Drop the images. Copy every line below character for character.

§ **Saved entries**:
========

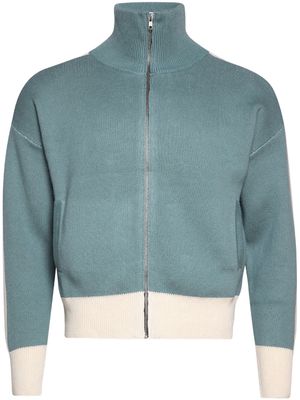 Rhude RB knitted track jacket - Blue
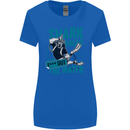 Shark Ahead Funny Diver Scuba Diving Womens Wider Cut T-Shirt Royal Blue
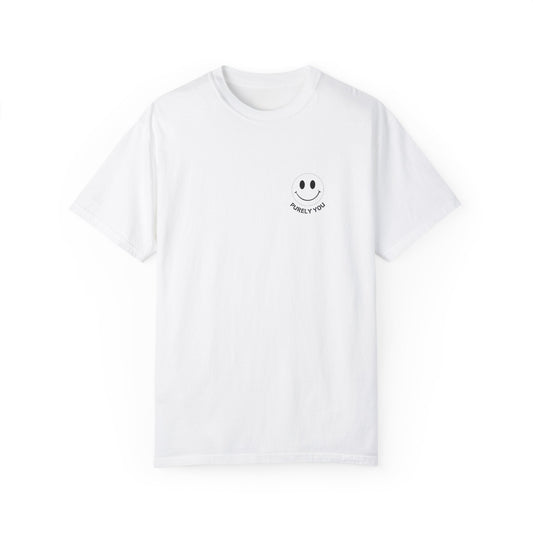 Purely You Unisex Garment-Dyed T-Shirt - Vintage Smile Design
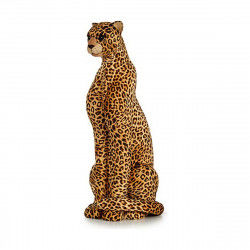 Deko-Figur Braun Leopard 38 x 98 x 35 cm Gold Synthetisch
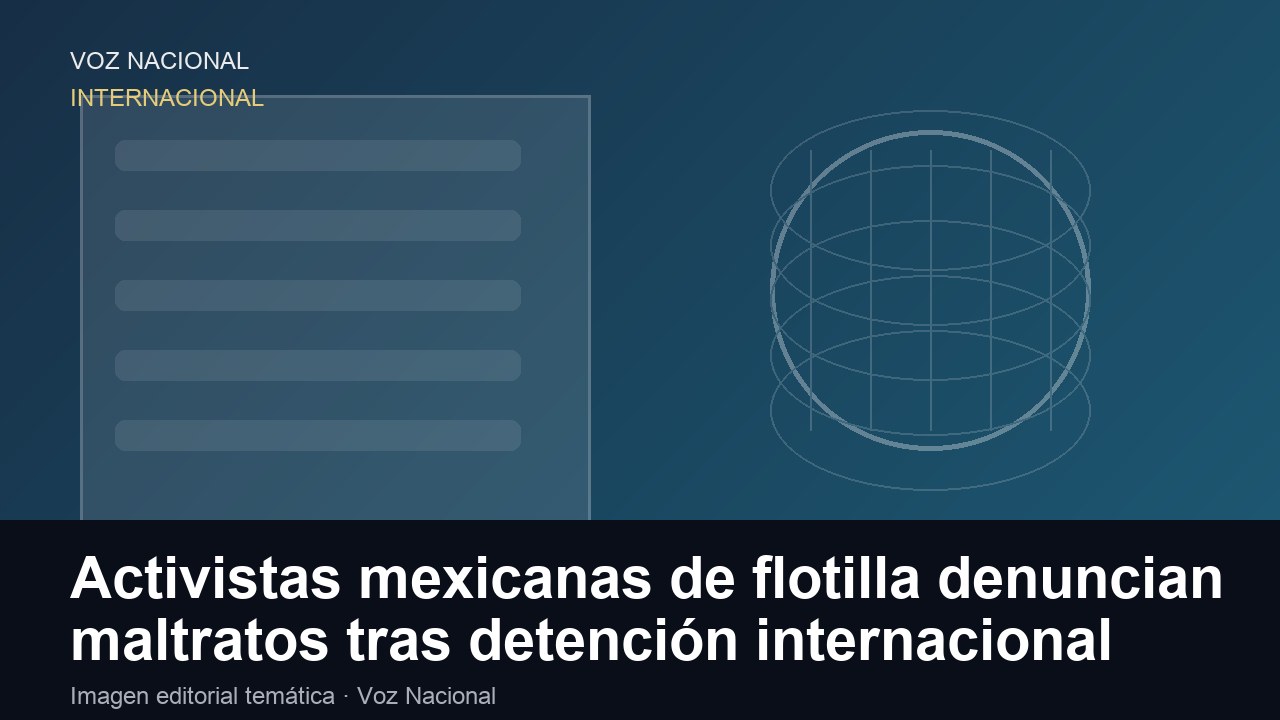 Activistas mexicanas de flotilla denuncian maltratos tras detención internacional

========

§ **RESULT**:
 Rhude RB knitted track jacket - Blue
 Shark Ahead Funny Diver Scuba Diving Womens Wider Cut T-Shirt Royal Blue
 Purely You Unisex Garment-Dyed T-Shirt - Vintage Smile Design
 Deko-Figur Braun Leopard 38 x 98 x 35 cm Gold Synthetisch
 Activistas mexicanas de flotilla denuncian maltratos tras detención internacional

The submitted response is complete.